Josiah Carlson jcarlson at uci.edu
Wed May 9 17:57:10 CEST 2007


James Y Knight <foom at fuhm.net> wrote:
> On May 7, 2007, at 1:58 PM, Guido van Rossum wrote:
> > As C doesn't have an atomic increment nor an atomic
> > decrement-and-test, the INCREF and DECREF macros sprinkled throughout
> > the code (many thousands of them) must be protected by some lock.
> 
> 2) There's a pretty damn portable library which provides these  
> functions for what looks to me like pretty much all CPUs anyone would  
> use, under Linux, Windows, HP/UX, Solaris, and OSX, and has a  
> fallback to using pthreads mutexes:
> 
> http://www.hpl.hp.com/research/linux/atomic_ops/index.php4
> http://packages.debian.org/stable/libdevel/libatomic-ops-dev
> 
> 
> It's quite possible the overhead of GIL-less INCREF/DECREF is still  
> too high even with atomic increment/decrement primitives, but AFAICT  
> nobody has actually tried it.

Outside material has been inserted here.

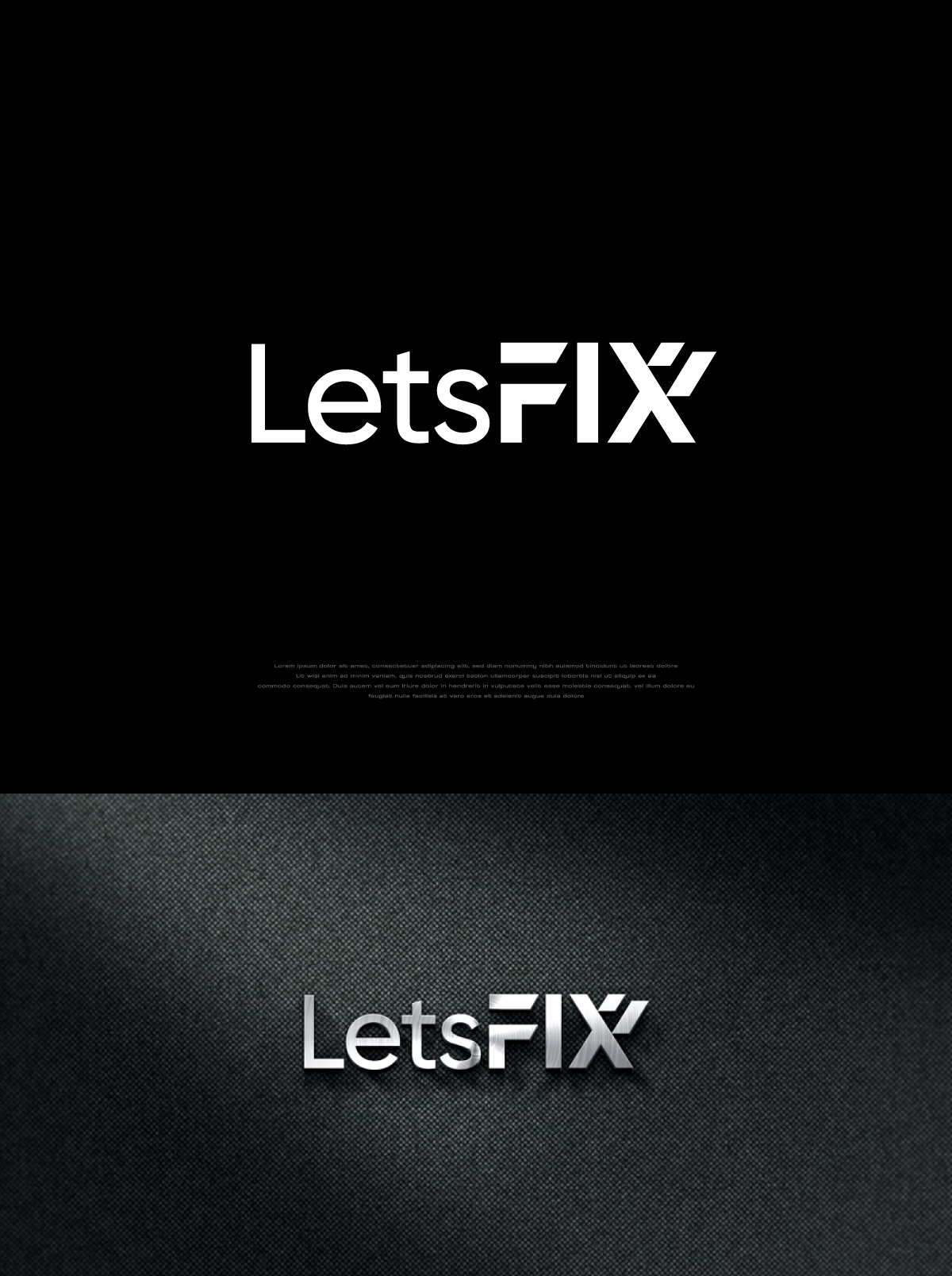 Logo Design by apik. for this project | Design #37415844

So saying GIL-less operation for sure  
> has too high of an overhead unless the refcounting GC is replaced  
> seems a bit premature.

Of course the trouble is that while this would be great for
incref/decref operations, and the handling of certain immutable types,
very many objects in Python are dynamic and require the GIL for all
operations on them.  Removing the need to hold the GIL for incref/decref
operations and telling people "some objects don't need to hold the GIL
when you monkey with them" is really just a great way to confuse the
hell out of people.  There is already confusion with borrowed references,
which affects fewer types than would be affected if we were to say
"some immutable c types can be accessed without the GIL".

Could it offer speed up?  Probably, but how much, and what kind of a
PITA would it become to use and manipulate the immutable types?